This world-class kitchen is often mislabeled as “northern Italian.” Although the virtuoso chef is from Friuli, Italy’s northeast, the restaurant is not. Buffalo-milk burrata, for instance—a profound, cream-spiked version of mozzarella, paired with exceptionally ripe tomatoes—derives from Puglia, in Italy’s deep south. Campania, another southern Italian region, is where you’d see the most wood-fired brick ovens of the sort that Da Marco uses for its traditional margherita pizza, whose balance of ripe, reduced tomato flavor with sharp, brick-seared ash approaches perfection.
To traverse Da Marco’s menu is to span much of Italy. An old Jewish recipe from Rome is the basis for a delicately fried artichoke alla giudea, dressed in olive oil with mint, lemon, and a touch of orange; the citrus is almost too acidic here, but not quite. And you might find a whole roasted branzino—a sweet, firm white fish—absolutely anywhere along Italy’s extensive coastline. The treatment of the branzino is just as deferential as it should be: that same wood-burning pizza oven sears and burnishes its skin, locking the moisture within. The whole fish is later deboned at the table to produce sweet meat that sings with flavor and delicacy. This is the best fish dish in the city.
A dazzling plate of prosciutto San Daniele sets the salt and softness of rosy, paper-thin cured ham against the sugar and crispness of wood-oven-seared slices of flatbread stuffed with fig jam, which play with the palate like the Fig Newtons of your dreams. A big, open-faced raviolo of homemade pasta mixes ricotta, egg yolk, and truffle to take you somewhere else, far away from Houston or even Italy.
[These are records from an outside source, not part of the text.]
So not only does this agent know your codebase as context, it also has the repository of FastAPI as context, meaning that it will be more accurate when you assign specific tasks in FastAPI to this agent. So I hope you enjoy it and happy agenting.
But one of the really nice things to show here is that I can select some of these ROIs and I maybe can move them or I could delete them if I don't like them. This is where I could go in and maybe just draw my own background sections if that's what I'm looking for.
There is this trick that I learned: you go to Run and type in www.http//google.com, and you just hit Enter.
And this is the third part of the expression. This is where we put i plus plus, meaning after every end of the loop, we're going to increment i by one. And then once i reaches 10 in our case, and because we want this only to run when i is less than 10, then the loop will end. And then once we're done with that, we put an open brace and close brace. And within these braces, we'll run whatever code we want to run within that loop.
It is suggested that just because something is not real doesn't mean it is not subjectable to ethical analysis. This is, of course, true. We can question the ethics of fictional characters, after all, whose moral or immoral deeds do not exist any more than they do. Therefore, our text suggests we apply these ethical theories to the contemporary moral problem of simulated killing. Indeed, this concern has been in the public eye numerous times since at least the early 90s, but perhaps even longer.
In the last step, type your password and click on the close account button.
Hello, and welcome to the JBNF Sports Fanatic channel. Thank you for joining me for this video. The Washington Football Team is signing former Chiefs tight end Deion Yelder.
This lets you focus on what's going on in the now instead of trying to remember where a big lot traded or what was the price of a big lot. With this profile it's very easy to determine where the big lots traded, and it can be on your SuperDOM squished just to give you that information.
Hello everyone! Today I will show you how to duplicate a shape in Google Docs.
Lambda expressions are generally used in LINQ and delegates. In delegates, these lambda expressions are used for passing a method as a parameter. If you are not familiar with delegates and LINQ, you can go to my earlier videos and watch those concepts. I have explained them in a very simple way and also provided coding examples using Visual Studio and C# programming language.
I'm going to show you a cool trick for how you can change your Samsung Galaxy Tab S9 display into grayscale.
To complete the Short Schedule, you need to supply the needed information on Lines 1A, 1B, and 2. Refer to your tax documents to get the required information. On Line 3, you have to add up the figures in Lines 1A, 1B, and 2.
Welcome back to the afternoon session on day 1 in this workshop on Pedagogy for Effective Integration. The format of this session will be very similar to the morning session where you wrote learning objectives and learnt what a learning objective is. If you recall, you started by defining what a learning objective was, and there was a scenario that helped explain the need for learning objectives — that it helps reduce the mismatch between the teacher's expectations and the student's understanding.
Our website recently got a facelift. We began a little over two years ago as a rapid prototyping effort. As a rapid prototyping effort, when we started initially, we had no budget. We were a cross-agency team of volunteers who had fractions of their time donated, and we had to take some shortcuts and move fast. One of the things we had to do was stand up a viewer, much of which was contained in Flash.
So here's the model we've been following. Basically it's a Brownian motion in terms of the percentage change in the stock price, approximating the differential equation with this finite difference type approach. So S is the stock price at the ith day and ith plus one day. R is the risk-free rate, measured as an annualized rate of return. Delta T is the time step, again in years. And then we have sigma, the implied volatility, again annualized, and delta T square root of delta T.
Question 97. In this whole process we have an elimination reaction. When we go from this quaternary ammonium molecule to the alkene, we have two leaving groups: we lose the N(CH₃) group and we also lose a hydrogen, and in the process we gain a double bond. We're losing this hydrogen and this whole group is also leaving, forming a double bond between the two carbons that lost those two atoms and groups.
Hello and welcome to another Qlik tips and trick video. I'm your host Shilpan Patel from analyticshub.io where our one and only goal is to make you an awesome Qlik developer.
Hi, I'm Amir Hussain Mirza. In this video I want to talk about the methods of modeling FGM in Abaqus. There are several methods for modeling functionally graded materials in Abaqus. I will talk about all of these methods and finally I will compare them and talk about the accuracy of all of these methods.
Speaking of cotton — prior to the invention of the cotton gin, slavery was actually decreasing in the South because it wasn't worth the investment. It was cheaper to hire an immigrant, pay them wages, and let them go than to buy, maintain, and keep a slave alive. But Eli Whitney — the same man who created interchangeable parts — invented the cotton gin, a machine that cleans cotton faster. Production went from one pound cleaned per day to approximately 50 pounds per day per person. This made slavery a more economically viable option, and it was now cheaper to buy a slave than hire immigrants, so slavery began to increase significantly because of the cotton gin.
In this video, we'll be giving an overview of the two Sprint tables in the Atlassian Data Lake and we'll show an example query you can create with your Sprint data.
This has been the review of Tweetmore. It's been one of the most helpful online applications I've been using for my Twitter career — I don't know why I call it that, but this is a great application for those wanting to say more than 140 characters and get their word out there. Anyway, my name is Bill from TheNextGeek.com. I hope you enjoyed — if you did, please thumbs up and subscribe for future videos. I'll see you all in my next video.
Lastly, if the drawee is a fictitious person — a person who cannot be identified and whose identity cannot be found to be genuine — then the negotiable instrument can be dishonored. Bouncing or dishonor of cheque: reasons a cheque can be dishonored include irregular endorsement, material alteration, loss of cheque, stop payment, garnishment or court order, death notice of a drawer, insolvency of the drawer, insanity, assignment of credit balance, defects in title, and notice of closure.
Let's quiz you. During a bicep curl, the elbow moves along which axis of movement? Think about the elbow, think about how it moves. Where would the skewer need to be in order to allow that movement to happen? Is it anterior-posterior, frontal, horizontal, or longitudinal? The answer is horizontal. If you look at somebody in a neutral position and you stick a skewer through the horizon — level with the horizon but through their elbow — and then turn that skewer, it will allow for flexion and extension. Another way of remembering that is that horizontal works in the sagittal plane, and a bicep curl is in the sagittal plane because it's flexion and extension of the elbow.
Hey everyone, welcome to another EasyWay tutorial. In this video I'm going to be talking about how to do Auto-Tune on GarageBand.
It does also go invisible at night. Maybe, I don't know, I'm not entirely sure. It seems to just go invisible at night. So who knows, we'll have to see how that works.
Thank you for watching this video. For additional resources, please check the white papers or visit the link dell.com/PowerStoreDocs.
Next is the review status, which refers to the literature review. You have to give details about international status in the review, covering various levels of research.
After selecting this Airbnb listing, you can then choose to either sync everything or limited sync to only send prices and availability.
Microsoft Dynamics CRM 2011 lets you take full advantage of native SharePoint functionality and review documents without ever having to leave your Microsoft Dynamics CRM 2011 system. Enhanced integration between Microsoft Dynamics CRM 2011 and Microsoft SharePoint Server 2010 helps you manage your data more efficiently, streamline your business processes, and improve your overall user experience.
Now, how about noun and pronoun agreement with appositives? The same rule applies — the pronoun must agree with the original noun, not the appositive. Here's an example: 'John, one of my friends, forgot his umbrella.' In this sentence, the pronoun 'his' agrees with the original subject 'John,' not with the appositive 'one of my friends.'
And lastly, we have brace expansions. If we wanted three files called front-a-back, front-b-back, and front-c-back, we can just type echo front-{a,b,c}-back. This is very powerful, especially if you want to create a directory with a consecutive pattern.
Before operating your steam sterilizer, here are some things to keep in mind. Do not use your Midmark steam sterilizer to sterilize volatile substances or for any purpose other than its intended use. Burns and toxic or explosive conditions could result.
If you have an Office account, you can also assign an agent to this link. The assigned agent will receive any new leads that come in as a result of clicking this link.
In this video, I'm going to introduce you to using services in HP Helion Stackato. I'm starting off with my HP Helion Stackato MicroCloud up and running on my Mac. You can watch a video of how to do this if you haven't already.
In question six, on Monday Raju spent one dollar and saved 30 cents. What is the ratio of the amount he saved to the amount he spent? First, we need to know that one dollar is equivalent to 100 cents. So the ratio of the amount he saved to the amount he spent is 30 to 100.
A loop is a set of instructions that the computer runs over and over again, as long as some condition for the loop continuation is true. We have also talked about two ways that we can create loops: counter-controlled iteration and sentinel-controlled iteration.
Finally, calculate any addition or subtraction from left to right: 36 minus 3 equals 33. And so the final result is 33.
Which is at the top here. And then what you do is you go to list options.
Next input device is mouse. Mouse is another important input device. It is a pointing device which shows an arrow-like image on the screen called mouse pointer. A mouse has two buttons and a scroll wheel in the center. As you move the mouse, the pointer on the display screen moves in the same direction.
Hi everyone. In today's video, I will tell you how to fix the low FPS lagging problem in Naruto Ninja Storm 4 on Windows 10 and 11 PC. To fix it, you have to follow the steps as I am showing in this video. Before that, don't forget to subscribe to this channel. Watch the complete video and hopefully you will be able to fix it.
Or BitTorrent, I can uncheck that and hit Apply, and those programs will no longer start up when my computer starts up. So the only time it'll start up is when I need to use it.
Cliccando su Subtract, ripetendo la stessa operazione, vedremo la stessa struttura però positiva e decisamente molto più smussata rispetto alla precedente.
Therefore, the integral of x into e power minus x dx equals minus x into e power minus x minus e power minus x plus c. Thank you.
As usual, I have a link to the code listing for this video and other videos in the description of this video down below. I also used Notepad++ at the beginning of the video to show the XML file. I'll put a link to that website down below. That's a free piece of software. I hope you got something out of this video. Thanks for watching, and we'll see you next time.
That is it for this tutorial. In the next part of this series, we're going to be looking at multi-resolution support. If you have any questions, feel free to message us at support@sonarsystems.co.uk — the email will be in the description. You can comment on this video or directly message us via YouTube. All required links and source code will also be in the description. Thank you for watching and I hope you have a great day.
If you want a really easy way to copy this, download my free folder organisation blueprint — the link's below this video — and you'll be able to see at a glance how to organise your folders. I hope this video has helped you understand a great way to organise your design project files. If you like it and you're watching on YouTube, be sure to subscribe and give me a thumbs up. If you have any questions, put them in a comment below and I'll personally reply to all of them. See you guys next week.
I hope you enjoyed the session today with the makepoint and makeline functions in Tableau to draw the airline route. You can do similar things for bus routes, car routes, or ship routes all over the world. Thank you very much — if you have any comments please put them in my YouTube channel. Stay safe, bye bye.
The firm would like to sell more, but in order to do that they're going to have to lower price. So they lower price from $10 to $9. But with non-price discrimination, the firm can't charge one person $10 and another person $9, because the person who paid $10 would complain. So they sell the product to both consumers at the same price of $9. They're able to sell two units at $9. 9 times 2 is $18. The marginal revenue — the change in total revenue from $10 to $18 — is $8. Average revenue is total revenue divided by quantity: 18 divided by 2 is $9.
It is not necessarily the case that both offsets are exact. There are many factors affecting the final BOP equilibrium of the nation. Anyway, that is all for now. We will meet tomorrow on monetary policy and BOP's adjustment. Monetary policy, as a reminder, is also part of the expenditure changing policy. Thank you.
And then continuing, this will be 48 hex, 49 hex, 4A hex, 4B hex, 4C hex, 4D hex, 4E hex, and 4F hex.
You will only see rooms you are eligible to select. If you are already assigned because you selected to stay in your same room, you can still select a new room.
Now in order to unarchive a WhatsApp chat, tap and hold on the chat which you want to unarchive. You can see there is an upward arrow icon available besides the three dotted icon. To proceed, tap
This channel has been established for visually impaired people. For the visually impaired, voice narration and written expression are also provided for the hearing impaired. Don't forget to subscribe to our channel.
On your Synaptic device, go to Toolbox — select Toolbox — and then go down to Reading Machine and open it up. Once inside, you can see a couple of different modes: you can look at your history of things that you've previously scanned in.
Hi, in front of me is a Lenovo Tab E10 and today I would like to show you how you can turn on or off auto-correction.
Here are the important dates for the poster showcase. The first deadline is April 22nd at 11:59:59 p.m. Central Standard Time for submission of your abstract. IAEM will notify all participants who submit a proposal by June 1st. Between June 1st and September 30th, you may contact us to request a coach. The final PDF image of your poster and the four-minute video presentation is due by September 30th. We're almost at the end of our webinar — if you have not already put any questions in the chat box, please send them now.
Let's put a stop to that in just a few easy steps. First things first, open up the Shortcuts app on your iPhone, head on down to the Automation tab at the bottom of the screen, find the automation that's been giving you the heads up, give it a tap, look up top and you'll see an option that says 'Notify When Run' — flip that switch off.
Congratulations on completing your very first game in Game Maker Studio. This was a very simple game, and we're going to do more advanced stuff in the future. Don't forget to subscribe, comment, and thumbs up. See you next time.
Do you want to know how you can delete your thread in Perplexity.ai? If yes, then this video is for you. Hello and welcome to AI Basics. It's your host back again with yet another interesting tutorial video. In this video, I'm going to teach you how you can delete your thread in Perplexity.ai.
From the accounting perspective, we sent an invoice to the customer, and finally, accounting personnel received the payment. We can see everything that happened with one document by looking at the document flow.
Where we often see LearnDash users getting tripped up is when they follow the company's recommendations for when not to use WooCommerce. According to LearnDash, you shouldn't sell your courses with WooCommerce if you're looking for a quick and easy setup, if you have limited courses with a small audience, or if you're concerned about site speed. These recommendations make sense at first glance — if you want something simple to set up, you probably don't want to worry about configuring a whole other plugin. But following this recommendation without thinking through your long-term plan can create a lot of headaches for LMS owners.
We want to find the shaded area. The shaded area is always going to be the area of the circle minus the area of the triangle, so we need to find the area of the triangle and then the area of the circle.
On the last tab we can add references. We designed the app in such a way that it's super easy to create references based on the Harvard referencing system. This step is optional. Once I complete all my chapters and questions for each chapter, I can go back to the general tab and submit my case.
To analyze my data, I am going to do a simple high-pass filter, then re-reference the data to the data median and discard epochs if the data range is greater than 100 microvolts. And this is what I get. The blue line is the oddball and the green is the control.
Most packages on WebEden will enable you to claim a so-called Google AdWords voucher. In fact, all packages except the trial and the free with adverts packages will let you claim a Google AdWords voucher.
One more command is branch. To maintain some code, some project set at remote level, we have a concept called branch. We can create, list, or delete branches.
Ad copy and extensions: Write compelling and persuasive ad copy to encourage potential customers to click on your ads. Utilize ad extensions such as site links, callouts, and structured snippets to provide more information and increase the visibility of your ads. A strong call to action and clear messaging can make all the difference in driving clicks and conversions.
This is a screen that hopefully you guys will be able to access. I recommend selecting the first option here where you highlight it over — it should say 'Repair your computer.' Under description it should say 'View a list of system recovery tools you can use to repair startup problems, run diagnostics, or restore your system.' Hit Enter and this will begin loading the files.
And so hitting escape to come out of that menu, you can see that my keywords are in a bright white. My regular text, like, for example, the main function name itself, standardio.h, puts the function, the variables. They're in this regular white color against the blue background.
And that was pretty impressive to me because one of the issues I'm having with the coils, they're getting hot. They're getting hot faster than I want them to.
This earthly union—of wheat, fruit of the fields; cheese, aged nourishment from the breast; truffle, sniffed out by pigs from deep within the earth; and egg, the symbol of rebirth—turns into an elemental, almost pagan experience.
And then there is the panna cotta, whose judicious mix of gelatin imparts the cooked cream with what Gordon Ramsay once called a “sexy wobble.” In an inspirational touch, it’s balanced by a pool of saba, a syrupy cooked grape must that’s similar to aged balsamic vinegar.
Da Marco’s atmosphere is nothing special; like the kitchen, it’s authentically Italian, with well-dressed, but not overdressed, tables; cozy, low ceilings; an airy porch-style room. Prices remain relatively fair for the quality, and the $22 three-course business lunch is a gift to the city. In spite of service that has suffered since our first edition—it’s now hurried and brusque, as if tables are being turned too fast—Da Marco remains the best restaurant in Houston.